Glimpse of Glory

The faith of our youth…

When my kids were little, I had visions of our shared future. I imagined myself surrounded each Sunday morning with a throng of kids and grandkids filling a couple of pews in my local church. My hope was not without precedent. I had seen extended families gathered, maybe not every week, but often for holidays like Easter and Christmas. I looked longingly when I saw families of multiple generations gathering to worship together in the pews of our little church, and hoped someday we might fill our pew with a gang of worshippers in their Sunday best. 

The reality for my family, and many of the families who grew up between the pews in our little church, has been a bit more complicated. 

Our kids grew up to be good humans. This is in no small part because of the formative years they spend under the little white steeple. They cut their teeth in the arms of volunteer nursery workers who rocked them, hushed them and taught them Bible stories. 

They spent each Sunday morning of their childhood in Sunday school and children’s church. They fought for the center cup in the communion tray, held their cut-up pita bread carefully, and sang along to all the songs.

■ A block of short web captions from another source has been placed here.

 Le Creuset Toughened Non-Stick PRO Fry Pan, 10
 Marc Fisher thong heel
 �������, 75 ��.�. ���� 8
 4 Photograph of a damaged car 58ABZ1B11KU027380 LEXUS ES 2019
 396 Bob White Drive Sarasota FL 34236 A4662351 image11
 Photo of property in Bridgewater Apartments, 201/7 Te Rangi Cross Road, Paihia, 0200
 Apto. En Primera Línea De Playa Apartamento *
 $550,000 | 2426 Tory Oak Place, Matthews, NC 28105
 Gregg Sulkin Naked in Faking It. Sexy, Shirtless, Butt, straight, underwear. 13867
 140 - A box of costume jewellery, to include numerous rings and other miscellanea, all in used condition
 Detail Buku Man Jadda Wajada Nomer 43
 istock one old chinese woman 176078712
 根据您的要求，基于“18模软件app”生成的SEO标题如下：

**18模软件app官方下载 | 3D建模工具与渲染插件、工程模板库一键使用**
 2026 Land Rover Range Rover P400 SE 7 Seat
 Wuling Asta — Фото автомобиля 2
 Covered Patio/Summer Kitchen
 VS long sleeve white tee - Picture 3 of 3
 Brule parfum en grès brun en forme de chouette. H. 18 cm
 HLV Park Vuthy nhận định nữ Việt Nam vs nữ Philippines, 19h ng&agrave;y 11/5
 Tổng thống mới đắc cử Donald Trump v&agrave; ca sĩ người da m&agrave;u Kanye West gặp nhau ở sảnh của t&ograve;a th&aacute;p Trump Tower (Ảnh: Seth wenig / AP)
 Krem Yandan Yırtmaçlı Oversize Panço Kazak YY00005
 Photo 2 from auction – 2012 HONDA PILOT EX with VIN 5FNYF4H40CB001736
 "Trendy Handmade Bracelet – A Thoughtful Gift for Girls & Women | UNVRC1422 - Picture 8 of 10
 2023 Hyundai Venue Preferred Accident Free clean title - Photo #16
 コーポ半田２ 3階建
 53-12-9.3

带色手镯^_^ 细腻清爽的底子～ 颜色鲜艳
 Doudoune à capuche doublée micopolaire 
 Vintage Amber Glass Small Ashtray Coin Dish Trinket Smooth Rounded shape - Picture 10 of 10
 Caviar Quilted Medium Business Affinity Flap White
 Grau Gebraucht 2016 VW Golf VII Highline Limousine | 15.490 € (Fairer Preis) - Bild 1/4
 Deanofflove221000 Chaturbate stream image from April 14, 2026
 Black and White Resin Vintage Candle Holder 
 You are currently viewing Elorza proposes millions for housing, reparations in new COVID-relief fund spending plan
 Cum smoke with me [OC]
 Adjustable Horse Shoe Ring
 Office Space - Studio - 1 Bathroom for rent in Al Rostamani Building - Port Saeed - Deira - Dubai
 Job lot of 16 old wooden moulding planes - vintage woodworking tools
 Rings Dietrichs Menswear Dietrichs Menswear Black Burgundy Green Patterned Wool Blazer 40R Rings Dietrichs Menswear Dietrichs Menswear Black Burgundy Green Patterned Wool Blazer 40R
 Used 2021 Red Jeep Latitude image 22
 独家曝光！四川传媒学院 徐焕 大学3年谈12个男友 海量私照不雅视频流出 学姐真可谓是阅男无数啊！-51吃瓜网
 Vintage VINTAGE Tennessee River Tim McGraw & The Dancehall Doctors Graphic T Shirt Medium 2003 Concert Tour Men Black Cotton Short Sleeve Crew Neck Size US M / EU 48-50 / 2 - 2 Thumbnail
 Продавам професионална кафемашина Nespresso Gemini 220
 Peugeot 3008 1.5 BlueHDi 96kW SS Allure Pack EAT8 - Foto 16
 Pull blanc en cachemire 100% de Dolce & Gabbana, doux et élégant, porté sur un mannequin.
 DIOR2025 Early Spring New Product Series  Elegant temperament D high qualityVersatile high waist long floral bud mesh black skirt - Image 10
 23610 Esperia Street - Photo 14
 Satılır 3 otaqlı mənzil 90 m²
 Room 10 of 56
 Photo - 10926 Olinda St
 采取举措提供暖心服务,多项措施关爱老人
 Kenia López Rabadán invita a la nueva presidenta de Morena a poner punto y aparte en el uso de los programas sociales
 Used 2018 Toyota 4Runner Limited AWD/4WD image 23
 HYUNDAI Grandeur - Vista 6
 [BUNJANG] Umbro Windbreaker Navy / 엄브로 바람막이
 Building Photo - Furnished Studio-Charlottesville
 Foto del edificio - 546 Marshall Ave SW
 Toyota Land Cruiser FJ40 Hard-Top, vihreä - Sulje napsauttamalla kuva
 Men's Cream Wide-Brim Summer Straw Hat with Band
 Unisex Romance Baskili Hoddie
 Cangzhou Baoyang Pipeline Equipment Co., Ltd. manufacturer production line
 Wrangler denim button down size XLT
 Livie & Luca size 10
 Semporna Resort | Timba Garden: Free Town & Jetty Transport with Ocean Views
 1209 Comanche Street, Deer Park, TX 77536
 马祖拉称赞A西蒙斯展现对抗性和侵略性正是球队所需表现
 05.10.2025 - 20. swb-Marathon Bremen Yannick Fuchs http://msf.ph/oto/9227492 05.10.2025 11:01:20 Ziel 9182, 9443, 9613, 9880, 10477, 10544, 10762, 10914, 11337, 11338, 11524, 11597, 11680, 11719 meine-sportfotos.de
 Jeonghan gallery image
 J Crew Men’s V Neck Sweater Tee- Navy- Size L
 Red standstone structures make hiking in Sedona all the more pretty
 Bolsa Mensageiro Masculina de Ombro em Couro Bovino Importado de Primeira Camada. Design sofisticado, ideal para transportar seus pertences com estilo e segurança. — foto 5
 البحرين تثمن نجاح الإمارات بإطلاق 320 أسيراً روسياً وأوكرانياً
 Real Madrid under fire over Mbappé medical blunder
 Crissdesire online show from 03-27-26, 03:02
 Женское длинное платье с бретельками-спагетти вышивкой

They participated in Easter Cantatas, Christmas pageants, and Vacation Bible School every year of their young lives. 

When they became teens, they gathered weekly with friends and trusted leaders for Youth Group, Young Life, and all the activities church kids are known for. They went to Battle Cry, Acquire the Fire, retreats, and trips. They didn’t go grudgingly, these were their friends, their people. This was their life. 

Ten years later, I can see the fruit of all that love in their lives. Each of them is grounded and secure in their own life. They value kindness, generosity, hospitality, and good relationships. They have each grown strong and true in the things that matter, they have good character and live with integrity. And yet, none of these church kids have prioritized faith and community in any of the ways I envisioned. They, each in their own way, stumbled over the faith we handed them. 

It was my hope that my faith would protect them from making decisions that would lead to pain and loss. They headed out in to the world with all we gave them, and they did their best. They stumbled and fell. They got up. Their lives got bumped and bruised. They healed. They made mistakes. They recovered. They made decisions I wish they hadn’t. They didn’t care. They grew up. I did too.

I’ve spent a lot of the past decade wringing my hands over their struggle. There have been sleepless nights, devastating losses, and pain that I never imagined. We have wrung each other out. I spent too much energy trying to fit them into boxes. They spent their energy kicking through the boundaries I so carefully set. Their struggles are not my story, but I can tell you that their struggles became my own in very real ways. 

I blamed myself for much of their pain. I’ve cried tears they did not see, and plenty that they did. Somewhere along the way, I learned that my advice was neither welcomed or helpful. I learned to trust them to their own path, their own lives, and to see the beauty in that journey. As they have followed their unique paths forward, I have leaned into the One who holds my heart. I learned to let Him be Lord of both them and me. 

At this point in our life together, I wouldn’t trade my feisty gang for the “church” family I longed for. I don’t know what my children will do with the faith of their youth as they negotiate the twists and turns of life. I will trust the One who holds my heart. I am confident that He loves them, just as they are, because He’s been teaching me how… all this time.